Zugänglichkeit der Stationen 

Im Vorfeld wurden zunächst die Mitarbeitenden des Stadtmuseums und der Stadtteilbibliotheken in der Benutzung der jeweiligen Geräte geschult. Neben der technischen Funktionalität ging es um die Frage, wie Zeitzeug*innen möglichst eigenständig mit den jeweiligen Digitalisierungsstationen interagieren können, in der Hoffnung, dass das Erinnern durch eine praktische Tätigkeit positiv getriggert wird. In der Schulung wurden die Mitarbeitenden ermutigt, gemeinsam mit den Zeitzeug*innen die Geräte auszuprobieren und sich die jeweilige Funktionsweise, sofern sie sich nicht sofort vermitteln, anhand einer Trial-and-Error Methode anzueignen.
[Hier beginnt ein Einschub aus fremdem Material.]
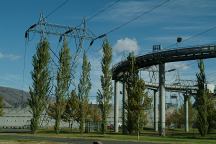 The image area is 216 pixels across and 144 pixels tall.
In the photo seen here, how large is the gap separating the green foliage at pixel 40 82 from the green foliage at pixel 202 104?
22659 mm

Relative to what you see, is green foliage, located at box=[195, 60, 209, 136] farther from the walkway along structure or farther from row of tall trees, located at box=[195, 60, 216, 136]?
the walkway along structure

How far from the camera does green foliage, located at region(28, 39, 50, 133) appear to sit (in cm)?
6247

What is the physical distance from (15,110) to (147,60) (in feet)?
238

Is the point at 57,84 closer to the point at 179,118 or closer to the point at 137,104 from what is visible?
the point at 137,104

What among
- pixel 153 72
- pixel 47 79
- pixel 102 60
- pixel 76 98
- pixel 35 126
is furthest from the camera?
pixel 153 72

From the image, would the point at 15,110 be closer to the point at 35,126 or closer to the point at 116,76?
the point at 116,76

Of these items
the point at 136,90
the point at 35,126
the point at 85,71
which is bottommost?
the point at 35,126

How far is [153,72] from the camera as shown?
125 meters

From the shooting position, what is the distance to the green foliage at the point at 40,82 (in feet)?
205

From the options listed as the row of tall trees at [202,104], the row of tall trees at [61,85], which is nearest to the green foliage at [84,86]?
the row of tall trees at [61,85]

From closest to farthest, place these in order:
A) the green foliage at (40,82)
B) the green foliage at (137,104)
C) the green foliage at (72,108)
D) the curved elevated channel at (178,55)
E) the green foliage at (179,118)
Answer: the green foliage at (137,104) < the green foliage at (40,82) < the curved elevated channel at (178,55) < the green foliage at (72,108) < the green foliage at (179,118)

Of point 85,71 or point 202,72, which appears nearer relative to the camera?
point 202,72

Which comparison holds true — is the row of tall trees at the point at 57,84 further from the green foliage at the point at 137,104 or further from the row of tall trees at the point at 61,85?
the green foliage at the point at 137,104

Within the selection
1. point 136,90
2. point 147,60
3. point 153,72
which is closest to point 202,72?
point 147,60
Die intuitive Bedienung der jeweiligen Stationen führte meist zu schnellen Resultaten, die bei nicht zufriedenstellendem Ergebnis unkompliziert wiederholt werden konnten. Eine schriftliche How To Anleitung in einfacher Sprache wurde für jede Station entwickelt und beinhaltet Tipps bei der Problemlösung.

Ablage- und Speichersystem 

Im Laufe des Projektzeitraums von „München 72” haben über 100 Zeitzeug*innen ihre Medien digitalisiert. Um den Überblick zu behalten, wurde ein spezifisches Ablage- und Speichersystem entwickelt, das die Weiterverwendung der digitalisierten Medien erleichtern sollte: Nach jedem Digitalisierungsprozess wurden die entsprechenden Foto- bzw. Videodatein auf ein iPad übertragen und analog zu dem Ablagesystem benannt und in eine Daten-Cloud hochgeladen. Darüber hinaus erhielt jede*r Zeitzeug*in direkt im Anschluss einen USB Stick mit seinen/ihren digitalisierten Medien.

Variation des Formats 

Je nach technischer Vorerfahrung der Zielgruppe und individuellem Interesse daran, lässt sich die Betreuung der Stationen natürlich auch weiter zurückschrauben. Bei „München 72” und der Zielgruppen von überwiegend älteren Menschen mit wenig Vorerfahrung war eine eins zu eins Betreuung zwischen Mitarbeitender und Zeitzeug*in überwiegend die Regel. Dieser Ansatz hat durchaus Weiterentwicklungspotential und kann bei Bedarf stärker in Richtung autonome Digitalisierungsstation und Selbstständigem Arbeiten weiterentwickelt werden.